Indeed, Texas has proven to be one of the worst violators of the VRA, having failed the now-gutted Section 5 review that ensured voting changes did not discriminate on the basis of race more than any other state in the nation. In fact, two days before its voter ID law was blocked due to its racially discriminatory effect, a different federal court found Texas had intentionally discriminated on the basis of race in recent redistricting as well, in flagrant violation of the VRA.
Fox News also mentioned that Powell has warned that the GOP insistence on strict voter ID may very well make voters of color more determined to exercise the franchise. Fox News did not sufficiently explain how Powell's concern about voter ID goes deeper than the political ramifications.

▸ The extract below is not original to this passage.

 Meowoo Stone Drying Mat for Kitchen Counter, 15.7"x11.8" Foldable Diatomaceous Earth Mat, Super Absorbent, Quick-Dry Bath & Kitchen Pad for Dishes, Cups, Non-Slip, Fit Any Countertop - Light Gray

Since strict voter ID has become popular in his party, Powell has repeatedly pointed out that this policy is a “solution” for a virtually non-existent type of voter fraud and instead is an affront to the American right to vote. Last year, Powell memorably reminded Fox News' Bill O'Reilly of these facts. More recently, he publicly denounced the North Carolina voter ID law for the same flaws, explaining that "what it really says to the minority voters is ... 'We really are sort-of punishing you[.]'"
On August 25, Powell brought this argument to Face the Nation on CBS in an episode that reflected on the 50th Anniversary of the famous civil rights March on Washington. While Fox News aired a clip of this interview during the America's Newsroom segment, it did not include Powell's observation that he finds “a little bit suspicious” the recent rush of Republican-sponsored election law changes, especially because “they claim that there is widespread abuse and voter fraud. But nothing documents, nothing substantiates that. There isn't widespread abuse.”